Entre ces deux classes il doit y avoir lutte, jusqu’à ce que tous ceux qui peinent s’unissent, tant sur le terrain politique que sur le terrain industriel, et prennent et conservent ce qu’ils produisent par leur travail, au moyen d’une organisation de la classe ouvrière, sans affiliation à aucun parti politique".
En 1908, le deuxième paragraphe de ce préambule était modifié pour déclarer:
"Entre ces deux classes il doit y avoir lutte, jusqu’à ce que les ouvriers du monde entier s’organisent comme classe, prennent possession de la terre et des instruments de production, et abolissent le système de salariat".
On pourrait pinailler sur la question de savoir si cette organisation devrait être "politique" ou "économique" (et, bien entendu, on l’a fait à l’époque), mais cette déclaration, c’est le programme révolutionnaire.

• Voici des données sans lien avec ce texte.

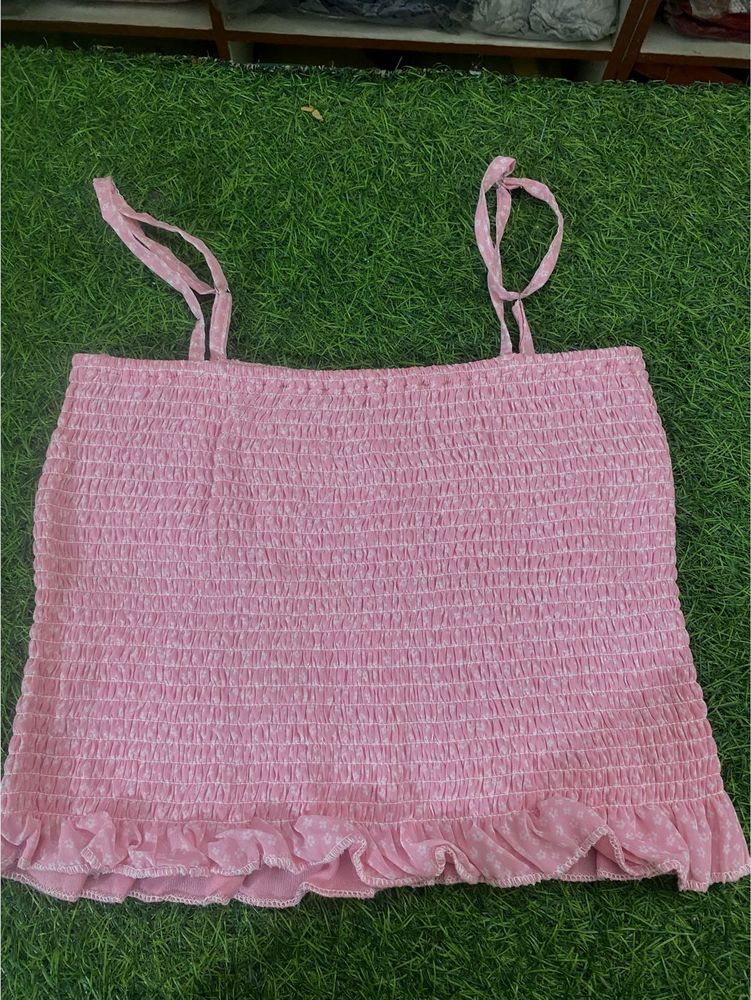 Cute Pink Smocked Crop Top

La question suivante se pose, cependant: les IWW étaient-ils un syndicat ou bien étaient-ils une organisation révolutionnaire? Les IWW ressemblaient beaucoup à la CGT en France de la même époque, la différence principale étant que la CGT était composée essentiellement des syndicats de métier alors que les IWW étaient réellement un syndicat industriel. Comme l’ancienne CGT, les IWW prônaient l’abolition du salariat et voyaient les syndicats (industriels, toutefois) comme "structure de la nouvelle société à l’intérieur même de l’ancienne" (préambule de 1908) – propos douteux, soit dit en passant.
Egalement comme l’ancienne CGT, les IWW étaient hostiles à toute ingérence d’un parti politique, dût-il socialiste, dans la lutte syndicale tout en laissant la liberté à leurs adhérents de soutenir le parti de leur choix . . . ou de ne soutenir aucun parti du tout. Autrement dit, les IWW n’étaient pas des "anti-politique" au sens où l’étaient les anarchistes.

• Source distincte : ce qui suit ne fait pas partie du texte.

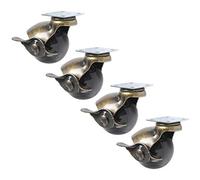 BOSUGE, Ball Swivel Castor Wheels Casters Wheel Black Ball Castor Wheels with Brake 40mm Swivel Furniture Caster with Top Plate Antique Bronze Set of 4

Dans la pratique les IWW étaient un syndicat militant qui faisait du bon travail en organisant les secteurs de la classe ouvrière – les non-qualifiés, les travailleurs migrants – que l’AFL laissait de côté. S’ils n’avaient pas été écrasés par le talon de fer de l’Etat suite à l’entrée des Etats-Unis dans la première guerre mondiale – à cause de leur décision de continuer la lutte syndicale sans compromis malgré la guerre – les IWW auraient en toute probabilité évolués en syndicat industriel pur et simple, c’est-à-dire sans idéologie anticapitaliste, un peu comme le CIO (Congrès des organisations industrielles) qui a paru, pour les mêmes raisons, dans les années 1930 et qui a fini par fusionner avec l’AFL en 1955 pour former l’AFL-CIO, actuellement la grande centrale syndicale des Etats-Unis.

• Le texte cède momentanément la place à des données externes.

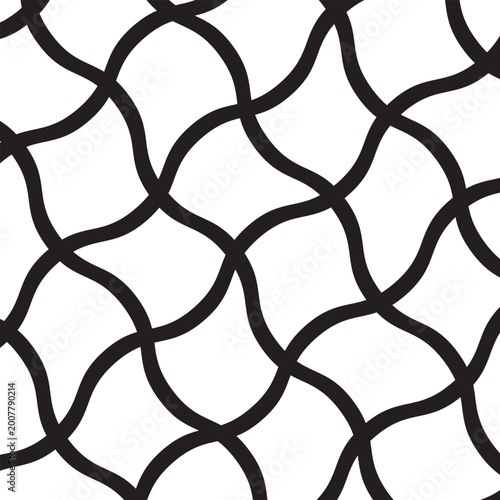 Abstract thick black net pattern art.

Cela dit, les IWW nous donnent néanmoins une idée de ce que les syndicats pourraient devenir lorsqu’un grand nombre de salariés seront devenus socialistes. D’organisations cherchant à protéger les intérêts des travailleurs au sein du capitalisme, ils se fusionneraient en "un seul grand syndicat", faisant la lutte des classes d’une façon consciente en vue d’abolir le salariat et organisant les travailleurs pendant que la transformation par l’action politique de la société de capitalisme en socialisme s’effectue.